● **Short web captions**
● ● ● ● ● ● ●

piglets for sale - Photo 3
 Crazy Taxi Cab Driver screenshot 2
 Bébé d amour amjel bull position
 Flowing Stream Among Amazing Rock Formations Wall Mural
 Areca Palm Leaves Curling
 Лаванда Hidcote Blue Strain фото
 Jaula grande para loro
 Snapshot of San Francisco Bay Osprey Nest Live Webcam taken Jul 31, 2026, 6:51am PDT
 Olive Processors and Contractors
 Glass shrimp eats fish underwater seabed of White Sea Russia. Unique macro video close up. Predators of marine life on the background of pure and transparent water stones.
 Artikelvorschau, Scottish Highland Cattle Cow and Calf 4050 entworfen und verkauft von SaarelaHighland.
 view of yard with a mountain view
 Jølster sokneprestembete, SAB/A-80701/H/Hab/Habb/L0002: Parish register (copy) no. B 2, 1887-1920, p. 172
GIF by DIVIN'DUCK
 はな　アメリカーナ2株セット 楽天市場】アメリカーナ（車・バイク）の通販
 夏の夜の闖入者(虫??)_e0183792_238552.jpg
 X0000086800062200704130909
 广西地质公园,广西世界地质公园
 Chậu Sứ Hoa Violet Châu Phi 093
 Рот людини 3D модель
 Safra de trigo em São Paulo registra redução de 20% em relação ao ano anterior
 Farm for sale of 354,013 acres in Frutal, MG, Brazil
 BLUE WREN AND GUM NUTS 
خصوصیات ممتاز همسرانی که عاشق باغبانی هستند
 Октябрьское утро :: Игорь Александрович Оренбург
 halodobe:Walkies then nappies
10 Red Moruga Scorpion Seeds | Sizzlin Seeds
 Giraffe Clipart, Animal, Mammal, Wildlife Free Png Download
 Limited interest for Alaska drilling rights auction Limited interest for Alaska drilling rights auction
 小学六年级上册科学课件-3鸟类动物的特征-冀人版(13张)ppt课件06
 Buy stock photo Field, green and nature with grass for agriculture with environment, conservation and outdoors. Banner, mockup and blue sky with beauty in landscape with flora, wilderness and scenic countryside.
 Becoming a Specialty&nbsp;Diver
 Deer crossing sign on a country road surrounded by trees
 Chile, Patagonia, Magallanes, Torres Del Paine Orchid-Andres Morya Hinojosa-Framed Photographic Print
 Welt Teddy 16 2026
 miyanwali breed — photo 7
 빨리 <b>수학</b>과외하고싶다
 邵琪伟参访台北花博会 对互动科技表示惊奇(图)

● ● ● ● ● ● ●

● **Instructions for the task**
Up to and including the line with "Рот людини 3D модель", output each line of the entries above exactly, starting from the first.

● **Output**
piglets for sale - Photo 3
 Crazy Taxi Cab Driver screenshot 2
 Bébé d amour amjel bull position
 Flowing Stream Among Amazing Rock Formations Wall Mural
 Areca Palm Leaves Curling
 Лаванда Hidcote Blue Strain фото
 Jaula grande para loro
 Snapshot of San Francisco Bay Osprey Nest Live Webcam taken Jul 31, 2026, 6:51am PDT
 Olive Processors and Contractors
 Glass shrimp eats fish underwater seabed of White Sea Russia. Unique macro video close up. Predators of marine life on the background of pure and transparent water stones.
 Artikelvorschau, Scottish Highland Cattle Cow and Calf 4050 entworfen und verkauft von SaarelaHighland.
 view of yard with a mountain view
 Jølster sokneprestembete, SAB/A-80701/H/Hab/Habb/L0002: Parish register (copy) no. B 2, 1887-1920, p. 172
GIF by DIVIN'DUCK
 はな　アメリカーナ2株セット 楽天市場】アメリカーナ（車・バイク）の通販
 夏の夜の闖入者(虫??)_e0183792_238552.jpg
 X0000086800062200704130909
 广西地质公园,广西世界地质公园
 Chậu Sứ Hoa Violet Châu Phi 093
 Рот людини 3D модель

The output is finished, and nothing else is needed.